La famille Bibas a affirmé de son côté n'avoir reçu "aucun détail" des autorités israéliennes sur la façon dont Shiri Bibas et ses enfants Ariel et Kfir ont été tués en captivité à Gaza. "La famille demande que l'on cesse d'ajouter des détails sur le fait que Shiri et les enfants ont été assassinés par leurs ravisseurs", indique un communiqué publié en son nom par le Forum des familles d'otages. "Yarden [Bibas, le père des enfants] et la famille veulent que le monde sache qu'il s'est agi d'un meurtre, sans plus de considérations", ajoute le texte. "Toute publication de détails (y compris sur la façon dont les corps ont été traités) est contraire à la volonté de la famille, et nous demandons que cela soit évité", poursuit-il, précisant que "la famille n'a reçu aucun détail de source officielle" sur les circonstances de leur mort.

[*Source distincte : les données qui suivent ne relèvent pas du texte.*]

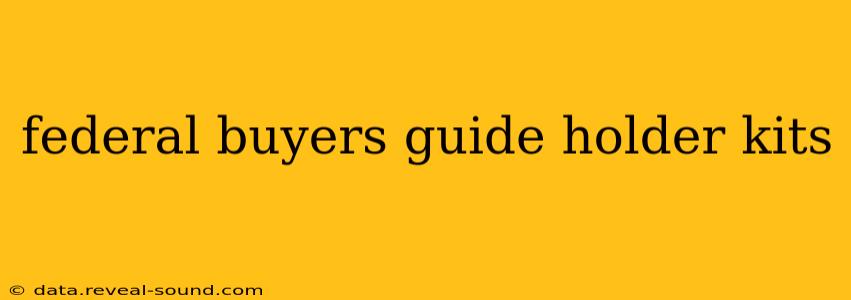 federal buyers guide holder kits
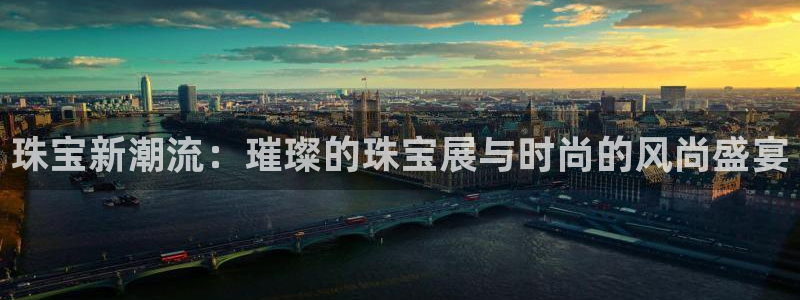 新宝5官网67五壹叁八：珠宝新潮流：璀璨的珠宝展与时尚的风尚盛宴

Un Symbole de l'Innocence Brisée
Kfir Bibas était le plus jeune des 251 otages le 7 octobre 2023, dont 66 sont toujours captifs à Gaza parmi lesquels 35 sont morts selon l’armée.
Leur histoire est un rappel brutal des conséquences tragiques du conflit et de la nécessité de protéger les enfants et les civils innocents.